Date: Tue, 10 Feb 2026 16:28:31 +0100
Hi Marcin,
On 2026-02-10T16:05:00+0100, Marcin Jaczewski wrote:
[...]
> > > I mean something diffrent, I word this wrongly.
> > > I means that variable itself should have attribute like:
> > >
> > > ```
> > > typeof(int (void)) *fp2 [[nodiscard]];
> > > ```
> > >
> > > And this would fit the definition of `f` as its attribute is linked to
> > > name not to its type.
> > > And this will be fine in the current paradigm.
> >
> > That would be the wrong choice. The attribute should be part of the
> > type, to make sure type conversions are okay.
> >
> > Let's make it more complex:
> >
> > [[nodiscard]] int f(void);
> > int g(void);
> >
> > void h(int (*)(void) );
> > void i(int (*)(void)[[nodiscard]]);
> >
> > int
> > main(void)
> > {
> > h(&f); // This should be diagnosed.
> > i(&f);
> > h(&g);
> > i(&g);
> > }
> >
> > Essentially, [[nodiscard]] should behave like a function qualifier, so
> > that pointers to functions should be able to gain it but not discard it.
> >
> > Otherwise, we have a hole.
>
> But this exactly same case I showed, if you change attribute to argument:
> ```
> void i(int (*arg [[nodiscard]] )(void));
> ```
> This is the property of the argument of the `i` function.

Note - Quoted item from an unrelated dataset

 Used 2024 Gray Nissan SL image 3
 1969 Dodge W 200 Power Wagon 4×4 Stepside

You had to name the argument, when this is really a property of the
type, and should be expressible in an abstract declarator.
>
>
> Only problem start when you try pass `i` itself to another function:
>
> ```
> void foo(void (*)(int (*)(void)));
> ```
>
> Here its become probably very painful to handle it but how many times
> you need arbitrary nesting?
And indeed this shows that the right thing to attribute is the type.
It's not a matter of pain; it's a matter of correctness.

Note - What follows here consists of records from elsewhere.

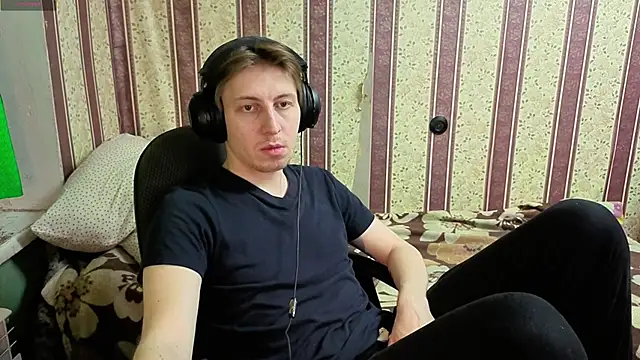 darienlarge online show from December 18, 2:45 pm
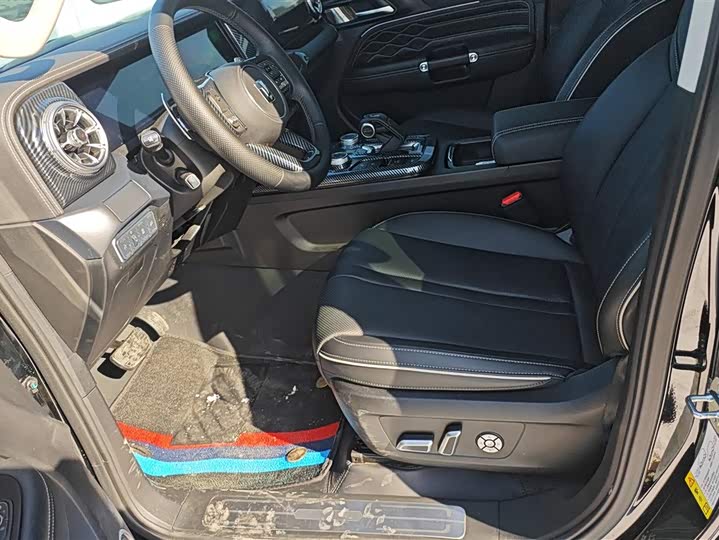 Фото 3 - Tank 300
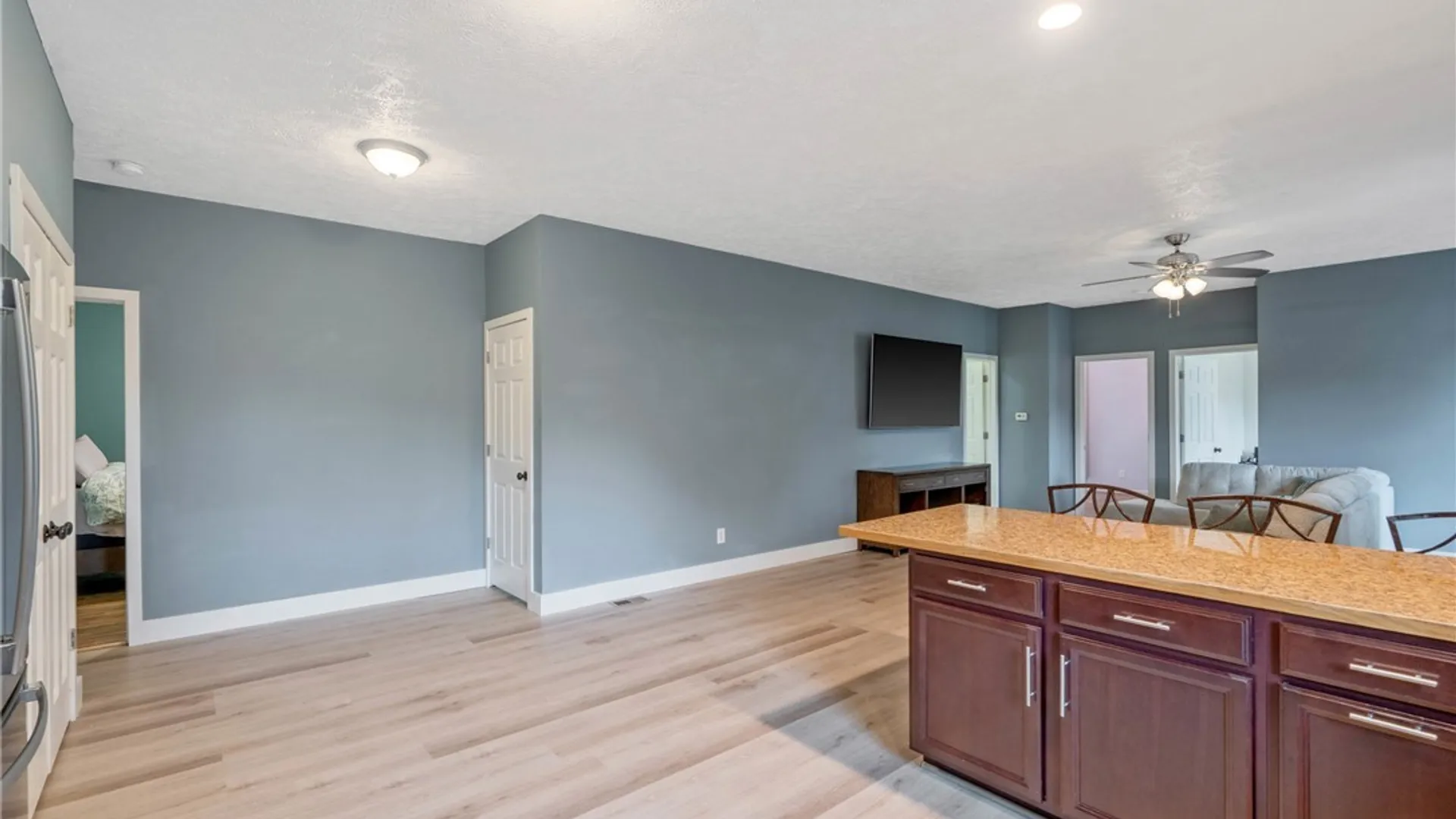 Property at 9 Oak Drive, Schroeppel, NY 13132 14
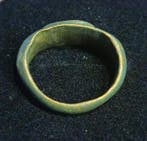 Oud-Romeins, Keizerrijk Brons Vingerring van brons met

> Besdied, we can avoid all this by baning both cases like:
>
> ```
> h(&f); // error
> i(&f); //error too
> h([[trust_me_bro]]&f); // ok, explicit "cast"
> i([[trust_me_bro]]&f); // ok, explicit "cast"
> ```
This is bad; really bad. I don't want the compiler to trust myself.

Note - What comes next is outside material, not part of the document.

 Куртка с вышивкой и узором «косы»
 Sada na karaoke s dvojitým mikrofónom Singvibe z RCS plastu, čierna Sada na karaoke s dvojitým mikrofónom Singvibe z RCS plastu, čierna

It's like if we said we had to use
foo(const bar);
to avoid diagnostics about const-corectness misuses. This is the wrong
approach. Const correctness is verified by the compiler, and attributes
should be verified by the compiler too.
> > > > > and this could be still ignorable.
> > > >
> > > > In part, this is a problem because either
> > > >
> > > > a) ignorability of attributes is the problem
> > > > or
> > > > b) [[nodiscard]] should not be ignorable, and should be replaced by a
> > > > non-ignorable attribute.
> > > >
> > > > And if b) is chosen, then few very ignorable attributes would remain;
> > > > so that ignorability of attributes would render attributes DoA. *The*
> > > > truly ignorable attribute is [[maybe_unused]].
> > > >
> > > I can imagine many others that could work fine and be enforced by the compiler
> > > but safely ignored if the compiler does not bother implementing them.
> > >
> > > ```
> > > int* foo(int* b [[restrict(A,B)]], int* c [[restrict(C)]])
> > > [[restrict(A,B,C)]]
> > > {
> > > *b += 2;
> > > *c += 2;
> > > return *b < *c ? b : c;
> > > }
> > > ```
> > >
> > > Now if the compiler regonzie this attribute then he could only do 2
> > > loads as pointers should not overlap.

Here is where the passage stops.